Das fantasievollen Märchen des Mexikaners Guillermo del Toro, in dem gesellschaftliche Außenseiter eine berührende Liebe vorleben, ist mit 13 Nominierungen zahlenmäßig der Spitzenreiter. Nach seinem Sieg bei den Globes, Baftas und den US-Regiepreisen sollte Del Toro eine Dankesrede parat haben. Chancen auf den Regie-Oscar haben auch Christopher Nolan mit dem achtfach nominierten Kriegsdrama „Dunkirk“ und der Afroamerikaner Jordan Peele mit dem sozialkritischen Gruselstreifen „Get Out“.
 
Doch die Regie-Sparte bei den Oscars ist diesmal keine reine Männersache. Die US-Schauspielerin Greta Gerwig (34), die die Tragikomödie „Lady Bird“ über eine rebellische Studentin inszenierte, geht als erst fünfte Frau für den Regiepreis ins Rennen. Bislang ist Kathryn Bigelow („Tödliches Kommando – The Hurt Locker“, 2010) die einzige Oscar-prämierte Regisseurin.
 
Schon vor der Oscar-Nacht schreibt die Amerikanerin Rachel Morrison Geschichte, als erste Frau, die jemals in der Sparte „Beste Kamera“ nominiert wurde. „Wir sind nicht mehr zu stoppen“, jubelte die 39-Jährige im Interview des „Hollywood Reporter“. Gefilmt hat sie das Südstaatendrama „Mudbound“, unter der Regie der schwarzen Filmemacherin Dee Rees.
 
Noch vor zwei Jahren stand mit dem Twitter-Hashtag #OscarsSoWhite die mangelnde Vielfalt der Nominierten am Pranger – 2015 und 2016 hatten es keine Schwarzen in die Schauspielkategorien geschafft. Nun ringen die Afroamerikaner Denzel Washington („Roman J. Israel, Esq.“) und Daniel Kaluuya („Get Out“) um den Preis als bester Hauptdarsteller, neben Gary Oldman („Churchill – Die dunkelste Stunde“), Daniel Day-Lewis („Der seidene Faden“) und Timothée Chalamet („Call Me By Your Name“). Octavia Spencer („Shape of Water“) und die Sängerin Mary J.Blige als schwarze Farmersfrau in „Mudbound“ sind Anwärterinnen für den Nebenrollen-Oscar.
 
Für die deutsche Schauspielerin Diane Kruger und Regisseur Fatih Akin waren nach dem Golden-Globe-Triumph die Oscar-Träume schon im Januar zerplatzt.

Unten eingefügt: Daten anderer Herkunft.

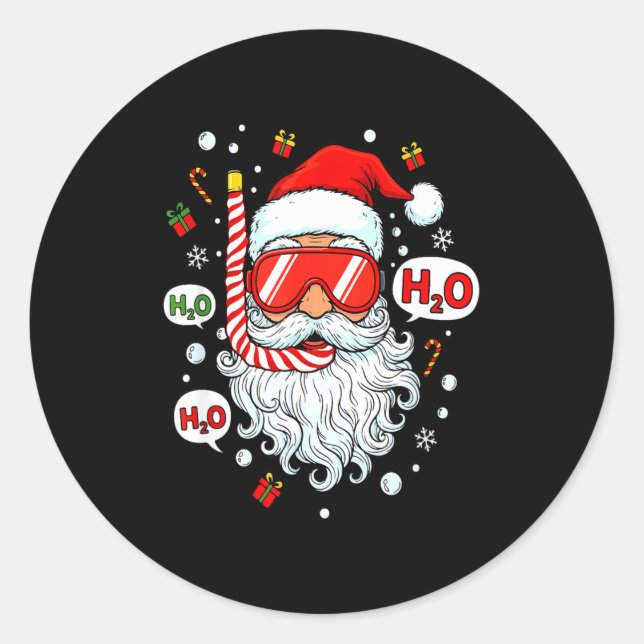 Santa Scuba Diving Equipment Funny Scuba Diver Chr Classic Round Sticker (Front)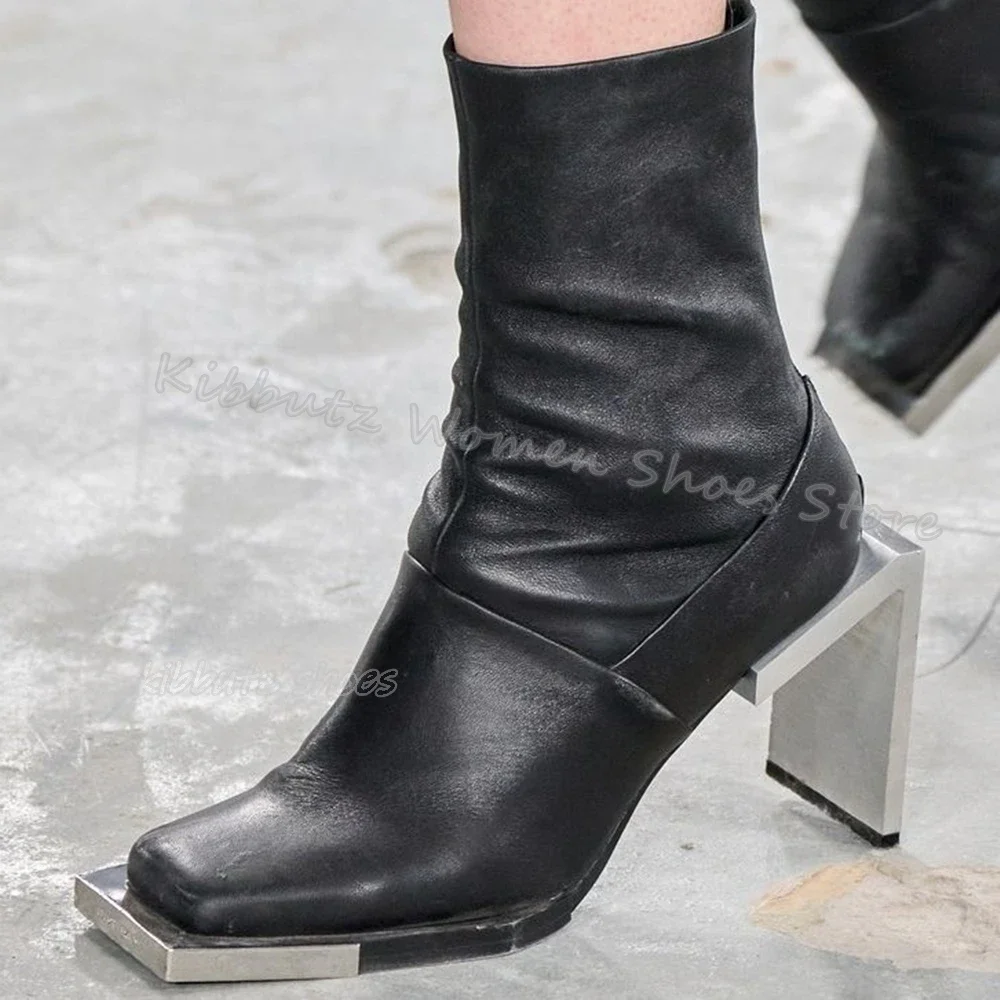 

Square Iron Toe Knee High Boot Metal Heel Solid Black Luxury Leather Side Zipper Sexy Concise Fashion Novelty Women Shoes Newest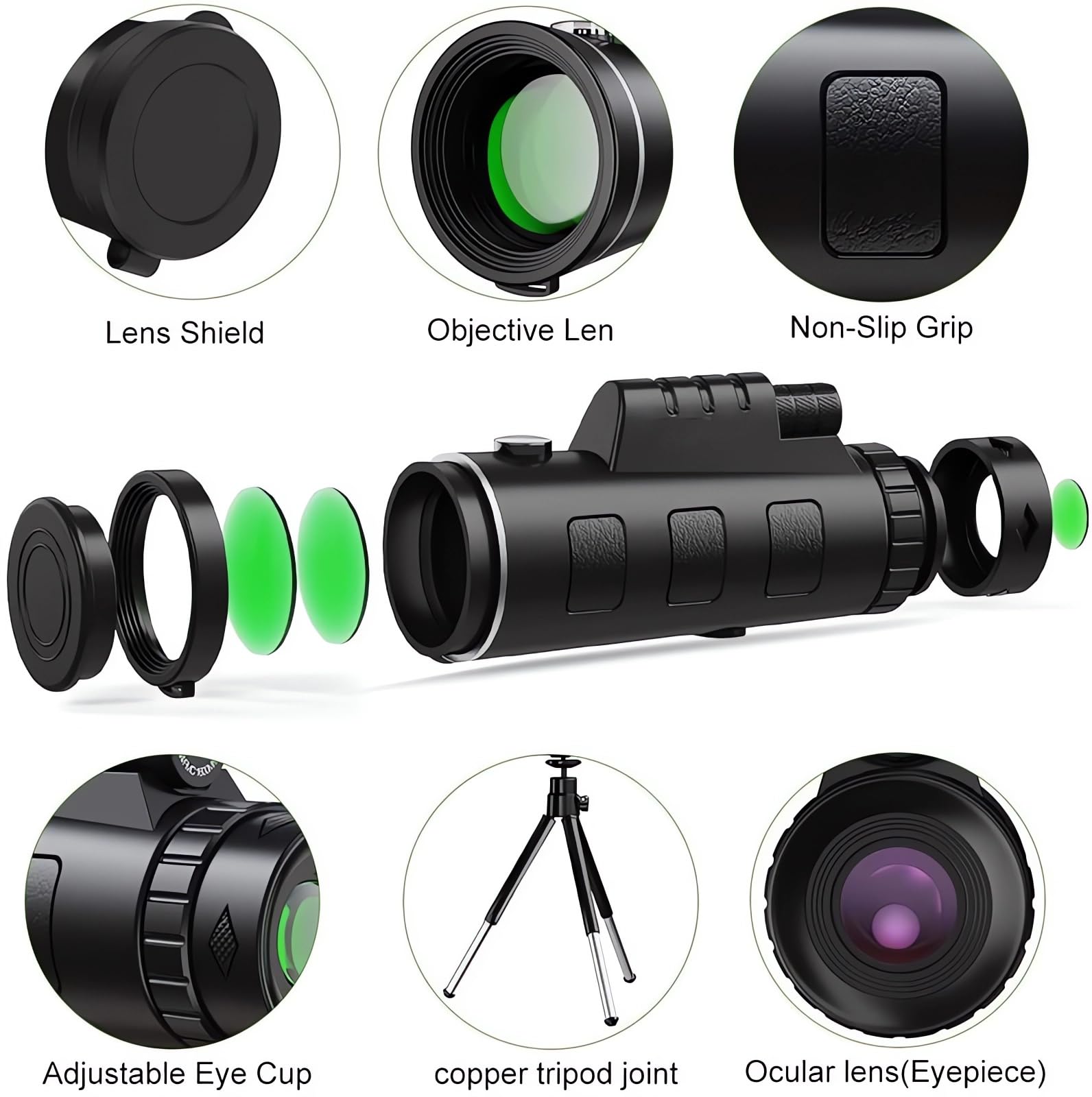 Monocular, Télescope monoculaire 12X50,Telescope Monocular, Monoculaire HD avec Trepied pour Smartphone pour l'Observation des Oiseaux Concerts Chasse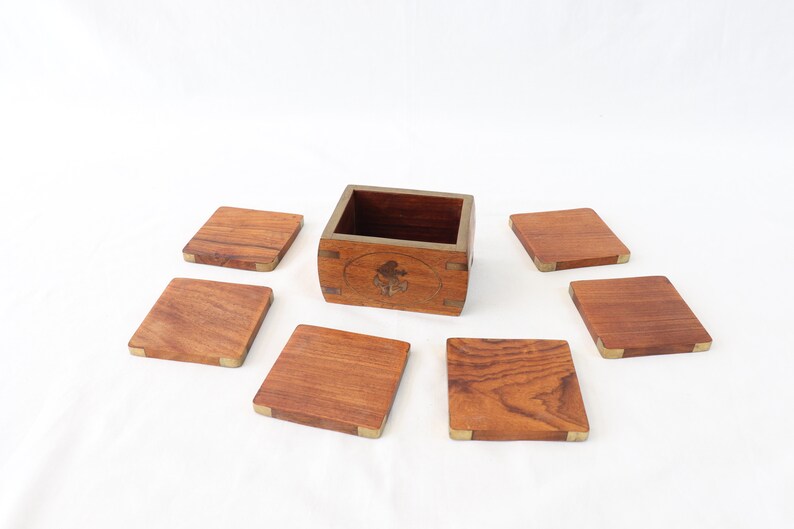 Wooden Nautical Coasters With Holder Nautical Coaster Set Etsy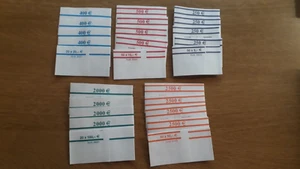 25 Geldschein-Banderolen  Euroscheine 5 10 20 50 100€ für 20 bzw 50 Geldscheine - Bild 1 von 3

Das NSU-Drama „Aus dem Nichts“ kam nicht in die Oscar-Endrunde. Doch andere deutsche Filmschaffende sind im Rennen: Regisseurin Katja Benrath mit „Watu Wote/All Of Us“ in der Kategorie „Live-Action-Kurzfilm“, Jakob Schuh und Jan Lachauer mit „Revolting Rhymes“ („Es war einmal…nach Roald Dahl“) in der Sparte „Animierter Kurzfilm“.
 
Die Filmmusik für „Dunkirk“ brachte Star-Komponist Hans Zimmer seine elfte Nominierung ein. Für den Potsdamer Special-Effects-Spezialisten Gerd Nefzer ist es dagegen der erste Oscar-Auftritt. Der 52-Jährige ist mit seinem Team für den Film „Blade Runner 2049“ in der Kategorie visuelle Effekte nominiert. In dem Action-Streifen hat Nefzer insbesondere mit der Inszenierung von schlechtem Wetter für die erwünschte düstere Stimmung gesorgt. Das brachte ihm schon eine Bafta-Trophäe ein, also rosige Aussichten für die Oscar-Nacht.